Seu modo fanfarrão e extrovertido, parecido com o do cidadão moscovita mediano, também festivo e piadista, acabou por torná-lo popular até para os que não faziam a menor ideia do que era futurismo.

O que, obviamente, deixou os cubofuturistas ainda mais furiosos, pois quanto mais destratavam aquele gringo verborrágico, mais ele se dava bem em sua própria terra.

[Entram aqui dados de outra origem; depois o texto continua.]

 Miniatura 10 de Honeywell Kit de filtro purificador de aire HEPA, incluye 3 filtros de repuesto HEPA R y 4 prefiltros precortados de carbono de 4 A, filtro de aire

Na verdade, as principais diferenças (e semelhanças) entre o futurismo italiano e o cubofuturismo russo não foram ideológicas e muito menos resultantes dos desencontros folclóricos provenientes das duas visitas de Marinetti a Moscou.

Embora inicialmente inspirado no movimento italiano, o cubofuturismo foi, a meu ver, o mais fecundo movimento de vanguarda moderno.

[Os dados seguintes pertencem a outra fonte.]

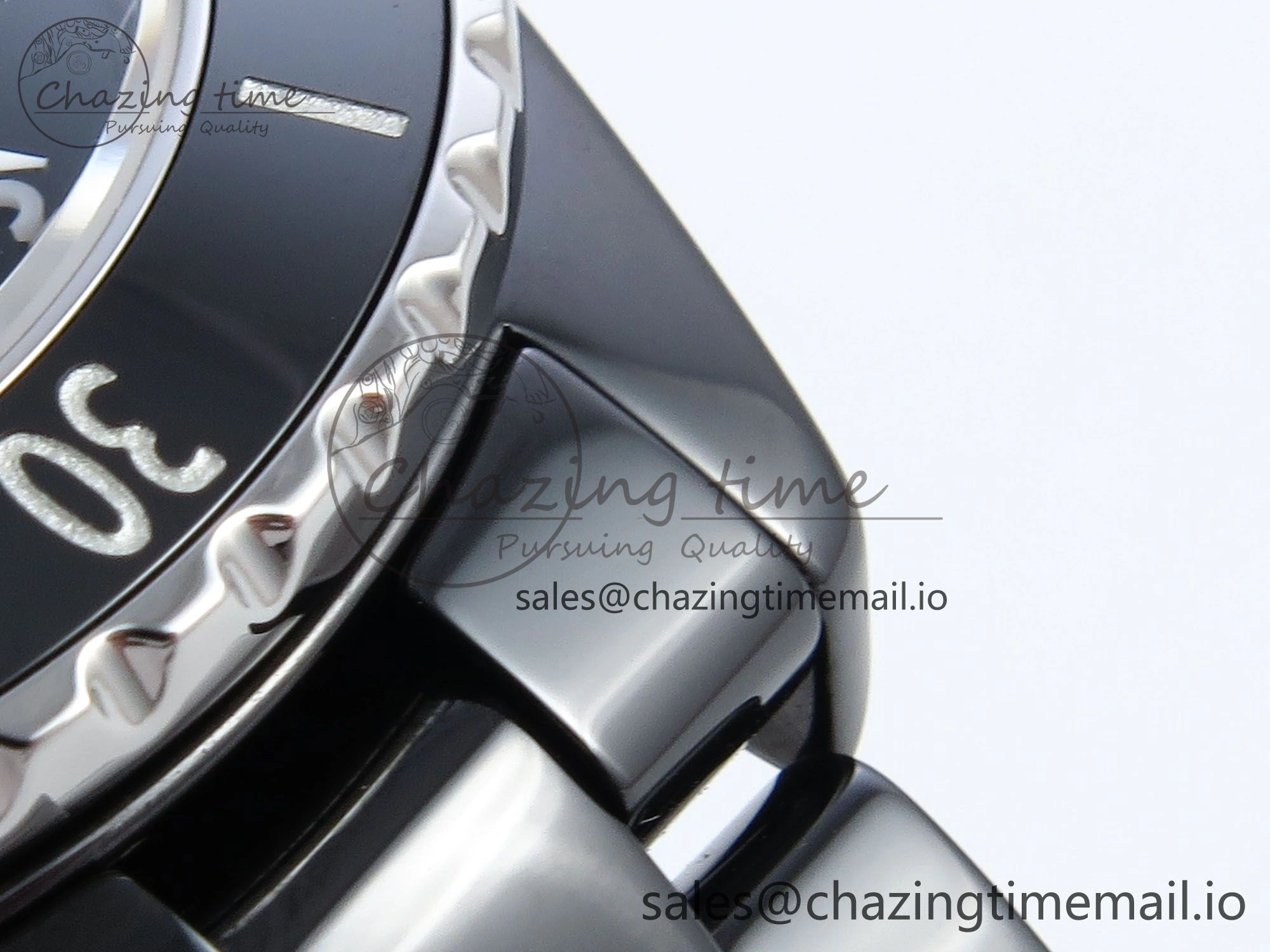 J13 33mm HTF 1:1 Best Edition Black Korea Ceramic Numeral Markers Dial on Bracelet A12.1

Dele saíram o suprematismo, o construtivismo e a escola de pensamento denominada formalismo russo. Estas três correntes influenciaram (e continuam a influenciar) a produção artística e os estudos sobre linguagem mais avançados do nosso tempo.

No artigo que se segue, espero ser capaz de deixar para vocês noções genéricas do que representa o cubufuturismo russo para toda arte moderna que o sucedeu...


Filippo Marinetti
Inicialmente, os manifestos do cubofuturismo tinham a mesma linguagem libertária e afrontosa do futurismo de Marinetti.

Havia, claro, aspectos próprios da cultura eslava, que contrastava com a dos italianos.

Embora tivesse negado afinidades com os italianos e destratado Marinetti no episódio descrito acima, em artigo publicado em 1923 na revista LEF Maiakóvski reviu sua posição e afirmou existirem entre os dois movimentos várias semelhanças.

Especialmente no tocantes aos métodos de elaboração formal. Mas as diferenças realmente eram maiores.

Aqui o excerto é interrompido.